WORK REQUIRED »
Produce a verbatim copy of the following records, leaving out all pictures.

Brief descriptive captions
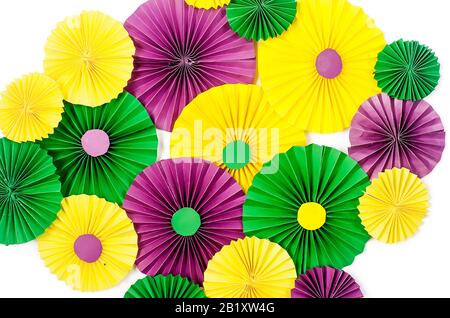 Papier coloré confetti, masque carnivale et serpentine colorée sur un fond blanc avec espace de copie, carte de vœux et modèle d'invitation de fête desi Banque D'Images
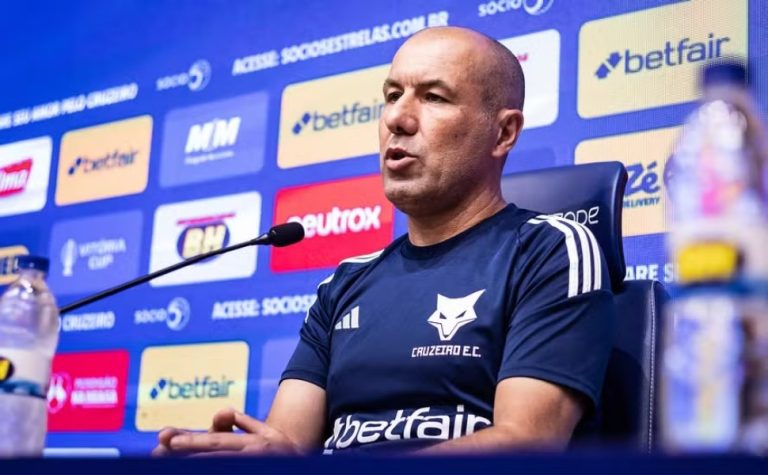 Flamengo encaminha acerto com o treinador Leonardo Jardim, diz portal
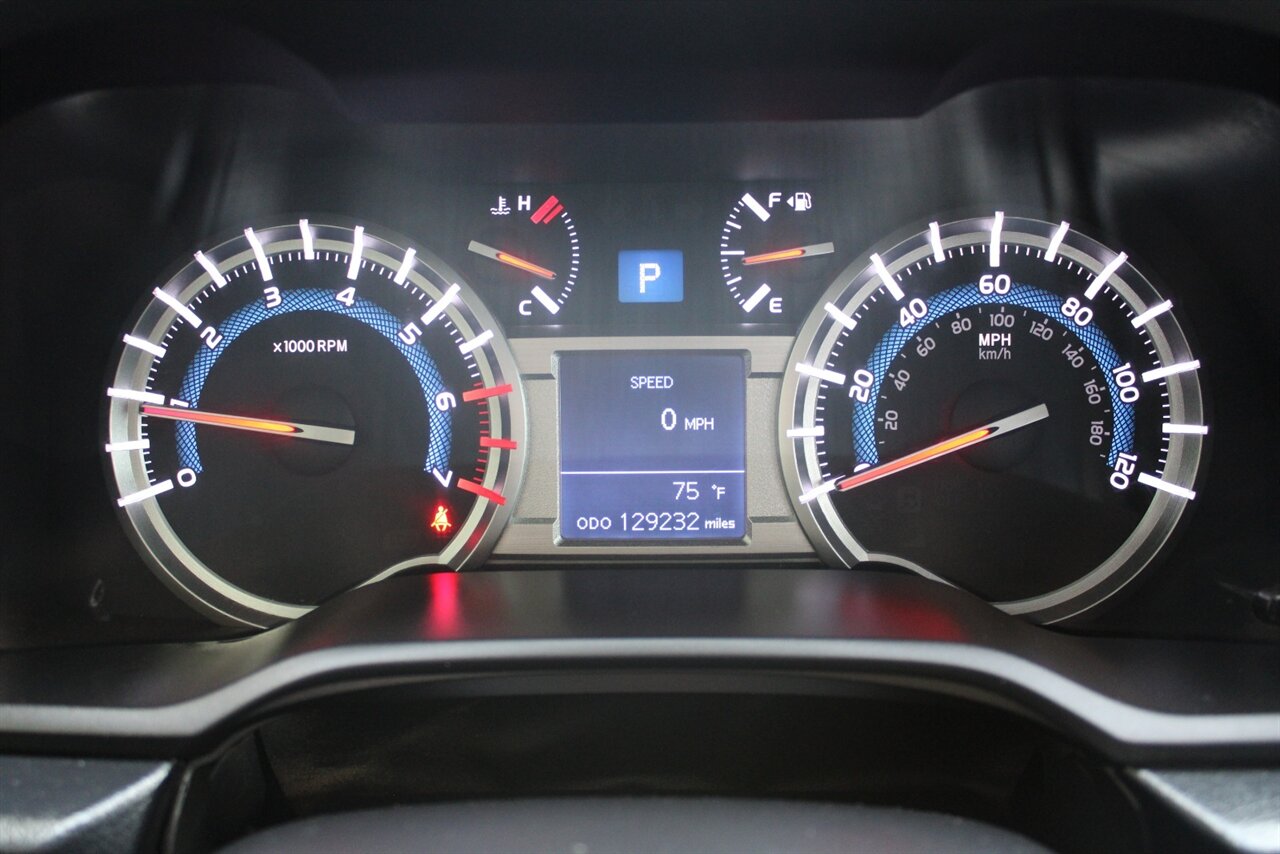 2016 Toyota 4Runner SR5   - Photo 15 - Reno, NV 89511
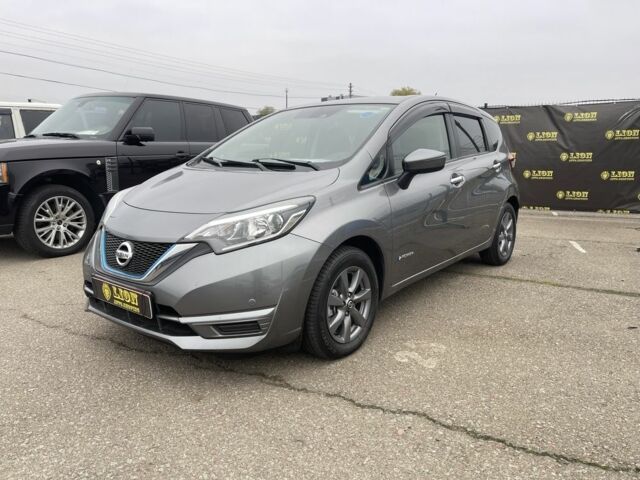 Серый Ниссан Ноут, объемом двигателя 1.2 л и пробегом 48 тыс. км за 13700 $, фото 1 на Automoto.ua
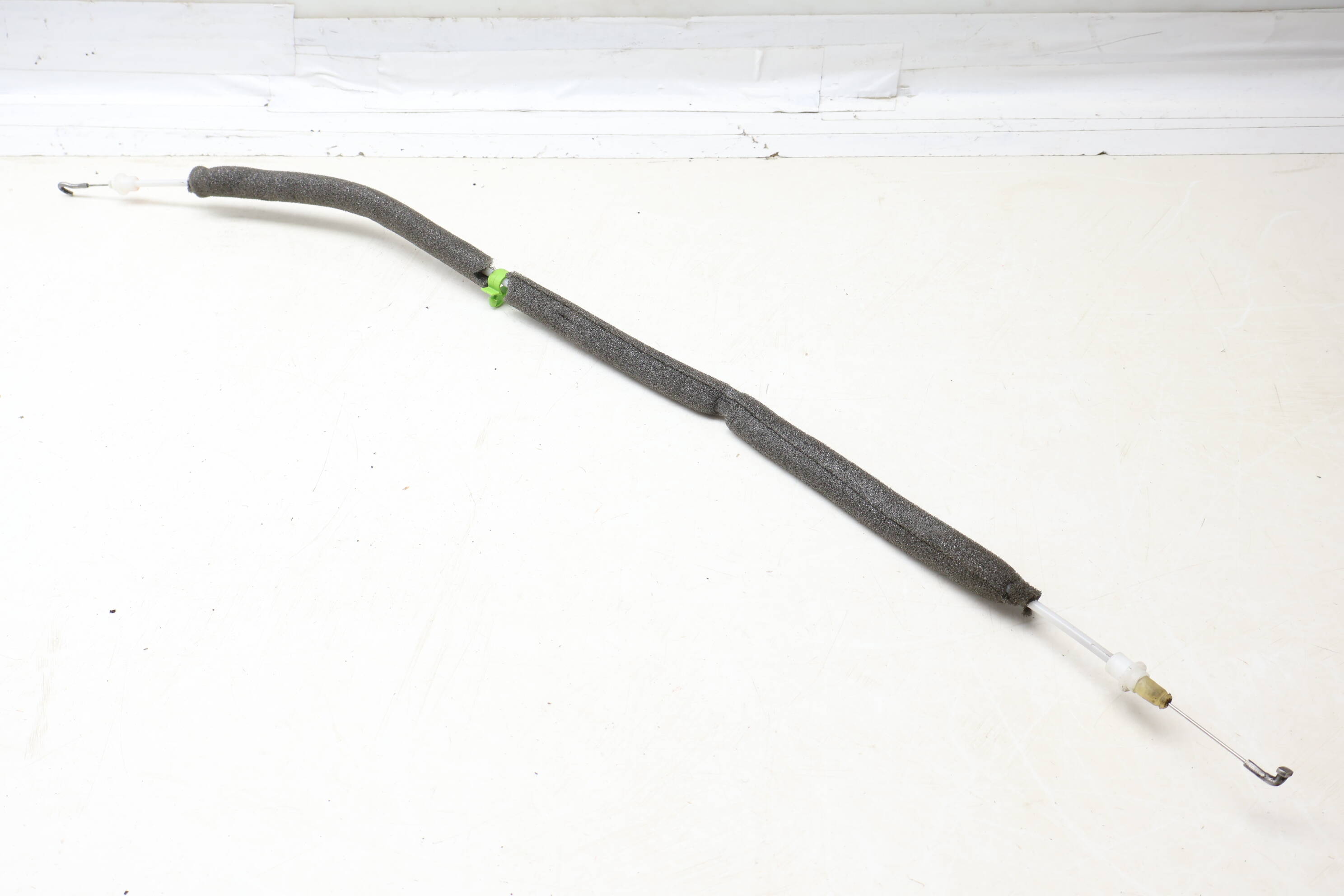 Door Handle Release / Bowden Cable 8N0837085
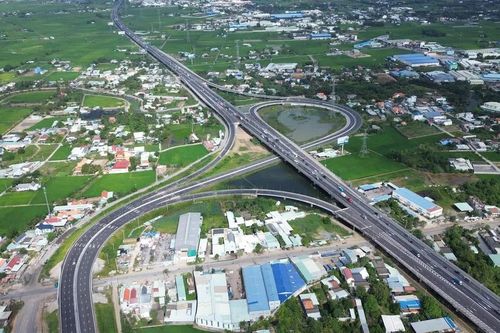 Đề nghị hỗ trợ nguồn vật liệu mở rộng đường cao tốc TPHCM - Trung Lương - Mỹ Thuận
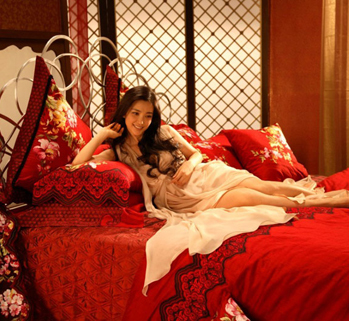 三聯(lián)家紡魅力攜手氣質(zhì)美女董潔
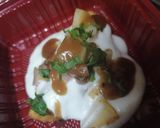 A picture of step 3 of Samosa chaat.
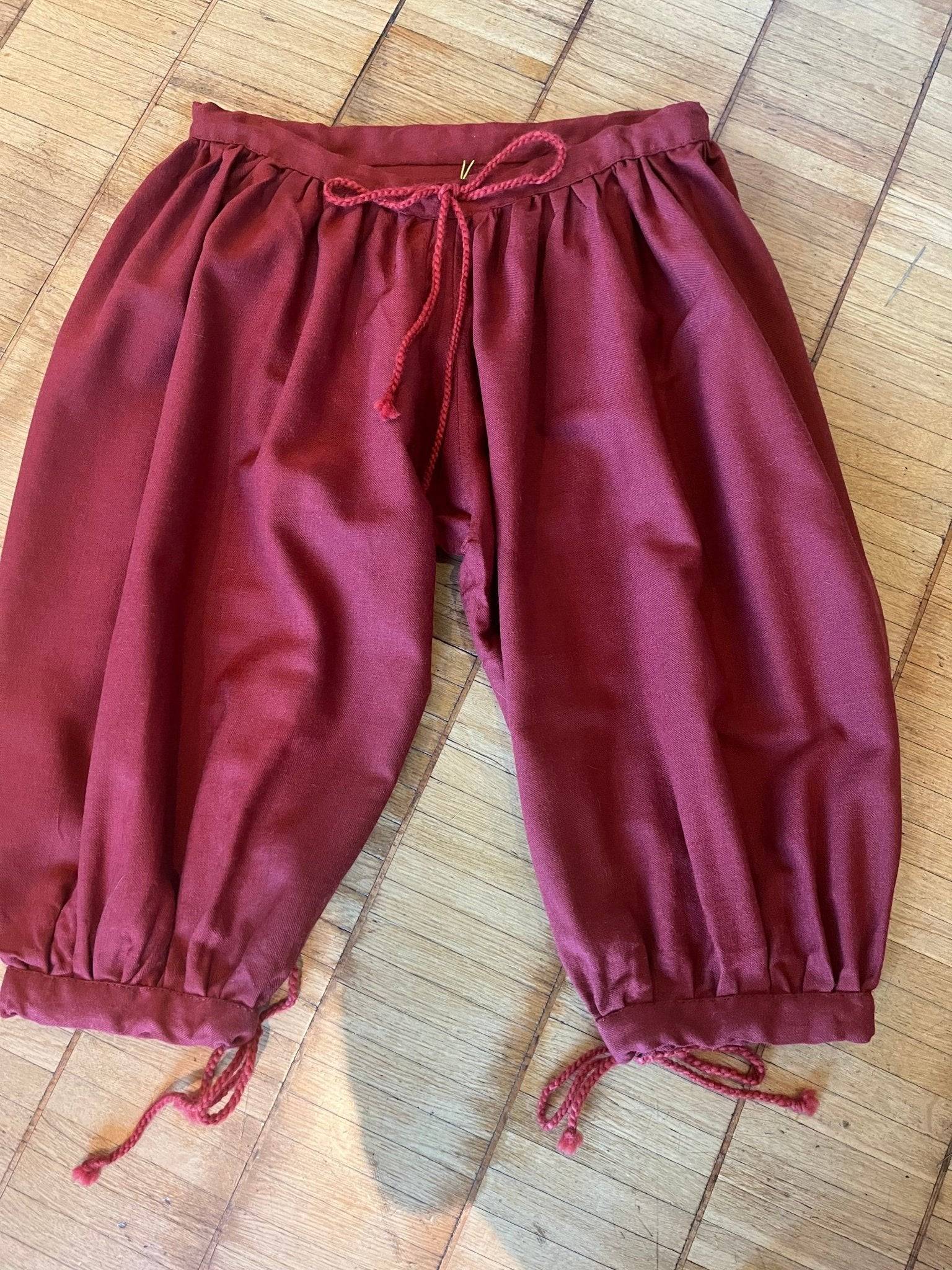 Red Viking Hedeby pants with drawstring detail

ANSWER BELOW »
 Papier coloré confetti, masque carnivale et serpentine colorée sur un fond blanc avec espace de copie, carte de vœux et modèle d'invitation de fête desi Banque D'Images
 Flamengo encaminha acerto com o treinador Leonardo Jardim, diz portal
 2016 Toyota 4Runner SR5   - Photo 15 - Reno, NV 89511
 Серый Ниссан Ноут, объемом двигателя 1.2 л и пробегом 48 тыс. км за 13700 $, фото 1 на Automoto.ua
 Door Handle Release / Bowden Cable 8N0837085
 Đề nghị hỗ trợ nguồn vật liệu mở rộng đường cao tốc TPHCM - Trung Lương - Mỹ Thuận
 三聯(lián)家紡魅力攜手氣質(zhì)美女董潔
 A picture of step 3 of Samosa chaat.
 Red Viking Hedeby pants with drawstring detail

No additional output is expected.